Start of Record set

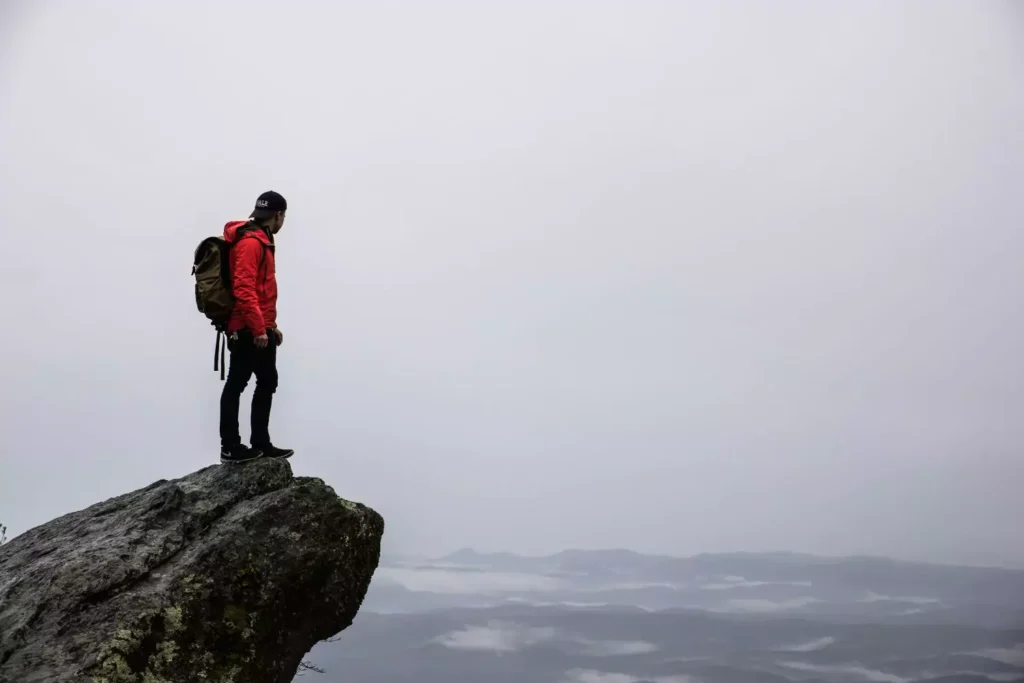 a guy standing on a cliff, seeking a comfortable situation
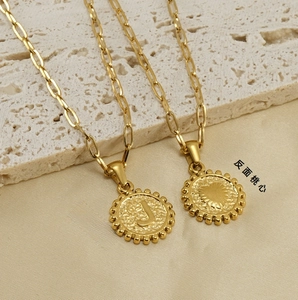 Detail of 18K gold paperclip necklace showing a raised letter J and heart on the pendant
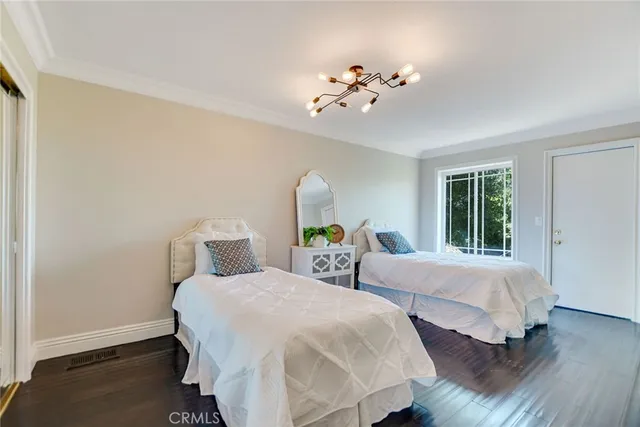 an aerial view of a house with garden space and street view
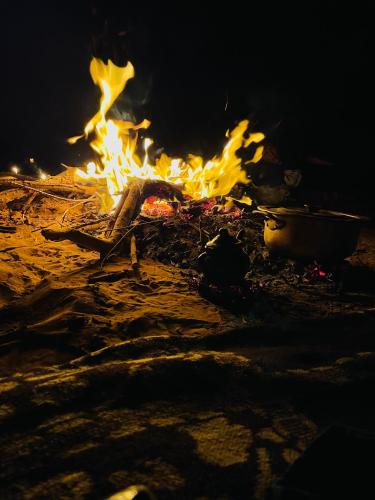 a fire is burning in the sand at night at Riad Al-Badouin in Mhamid
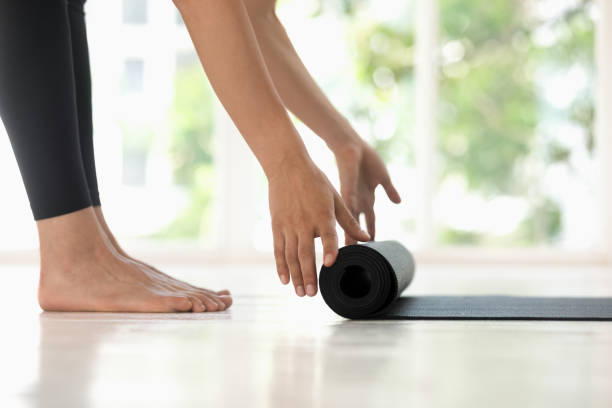 istock Young woman rolling black yoga mat side view close up 1180509553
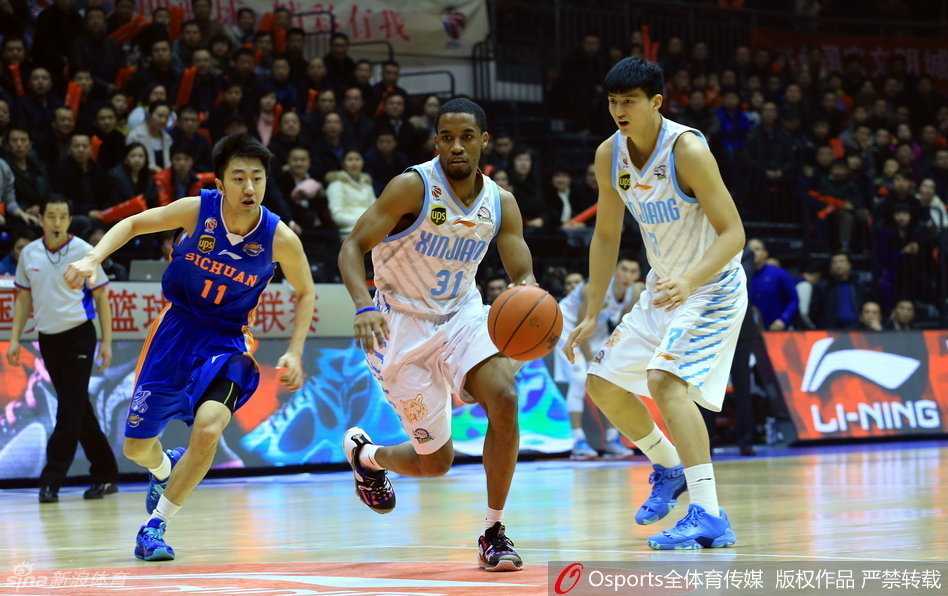 新疆队防守悍将西热力江在拼抢中受伤，痛苦地躺倒在地板上，双手紧捂受伤部位，队友们围拢过来神情关切，场边队医也迅速进场查看伤情。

End of Record set

Task brief: The records must be restated word for word, apart from any images.

Exercise answer:
 a guy standing on a cliff, seeking a comfortable situation
 Detail of 18K gold paperclip necklace showing a raised letter J and heart on the pendant
 an aerial view of a house with garden space and street view
 a fire is burning in the sand at night at Riad Al-Badouin in Mhamid
 istock Young woman rolling black yoga mat side view close up 1180509553
 新疆队防守悍将西热力江在拼抢中受伤，痛苦地躺倒在地板上，双手紧捂受伤部位，队友们围拢过来神情关切，场边队医也迅速进场查看伤情。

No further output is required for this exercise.